We Buy What Appeals to Us

 Just think about ourselves. When we’re shopping, we bring our preferences with us. Think about a sweater. I might find one that seems perfect in every way, except one. The fiber, style, and fit are exquisite. The price, the lowest it’s ever been. The only drawback is the color. It’s a lovely color and the height of fashion, but it isn’t one that makes me look my best. Perhaps I could convince myself it’s not all that bad. In fact, it has much to offer, considering the price. Who doesn’t appreciate a bargain?  And it will keep me warm. That’s the main reason for buying a sweater, right? Yes, but… And here’s the reality in that three letter word. I’d end up not wearing that sweater, except if I was freezing and had absolutely nothing else to keep me warm. What we buy has to appeal to us if we’re to use and enjoy our purchase.

Kids Choose Toys That Appeal to Their Sense of Play

 Children are the same. A toy has to appeal to a kid before she’ll give it her attention. Something about the toy has to invite play, and once the child begins playing, the toy has to prove its worth. The child decides if it merits her time, if the toy offers enough value to hold her interest. Young children like repetition. That’s how they develop skills. Their toys need to be safe, well constructed, and durable, able to stand up to persistent play. Being easy to clean counts too.

Kids Learn Through Play        Array of flannel covered crinkle paper for babies

 Kids also like to explore and discover. Through play, infants begin to understand cause and effect and learn about their environment. Small enough for tiny fingers to grasp, Baby Paper is made of soft flannel with an inner layer of crinkle fabric that makes the sound of paper being crumpled when touched.

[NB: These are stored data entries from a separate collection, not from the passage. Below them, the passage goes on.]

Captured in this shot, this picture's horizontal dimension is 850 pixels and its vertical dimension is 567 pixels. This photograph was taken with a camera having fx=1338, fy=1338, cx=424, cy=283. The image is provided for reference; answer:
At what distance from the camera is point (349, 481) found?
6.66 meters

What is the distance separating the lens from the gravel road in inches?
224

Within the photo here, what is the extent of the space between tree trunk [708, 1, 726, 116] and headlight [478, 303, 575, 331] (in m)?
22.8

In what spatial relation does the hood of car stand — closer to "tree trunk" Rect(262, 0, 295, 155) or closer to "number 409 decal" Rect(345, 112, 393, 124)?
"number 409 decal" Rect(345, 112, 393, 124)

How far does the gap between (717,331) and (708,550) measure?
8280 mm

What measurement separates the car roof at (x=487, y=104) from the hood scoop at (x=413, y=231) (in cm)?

Babies typically find that appealing and repeat the action that produced the original sound, learning through repetition about cause and effect, about their ability to make something happen.

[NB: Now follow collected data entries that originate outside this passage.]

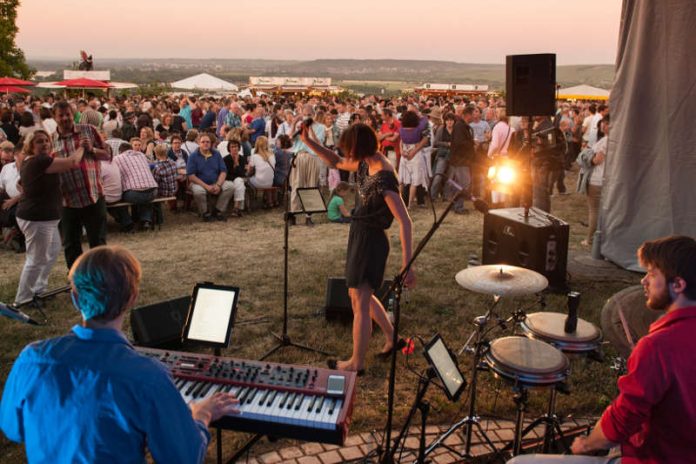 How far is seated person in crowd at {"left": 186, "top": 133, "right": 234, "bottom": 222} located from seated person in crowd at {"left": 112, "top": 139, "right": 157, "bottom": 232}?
2.90ft

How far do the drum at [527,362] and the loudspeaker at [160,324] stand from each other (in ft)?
9.66

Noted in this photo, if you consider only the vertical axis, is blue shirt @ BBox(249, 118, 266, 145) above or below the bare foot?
above

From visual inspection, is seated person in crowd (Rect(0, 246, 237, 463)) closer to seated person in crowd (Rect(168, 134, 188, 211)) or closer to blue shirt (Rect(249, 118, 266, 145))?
seated person in crowd (Rect(168, 134, 188, 211))

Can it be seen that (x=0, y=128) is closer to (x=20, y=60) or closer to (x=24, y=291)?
(x=24, y=291)

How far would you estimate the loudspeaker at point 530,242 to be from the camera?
6.45 m

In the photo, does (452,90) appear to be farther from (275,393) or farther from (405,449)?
(275,393)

Observe Kids at Play Before Shopping For Toys

 We make our best decisions when we’ve observed the recipient at play and know her preferences. When choosing toys, select from those you think will appeal most to the child and mesh best with her current abilities, emerging skills, and developmental goals. This is true for all children, with or without special needs. Toys are tools for play. When a child finds a toy intriguing and engages in play, learning occurs naturally and joyfully.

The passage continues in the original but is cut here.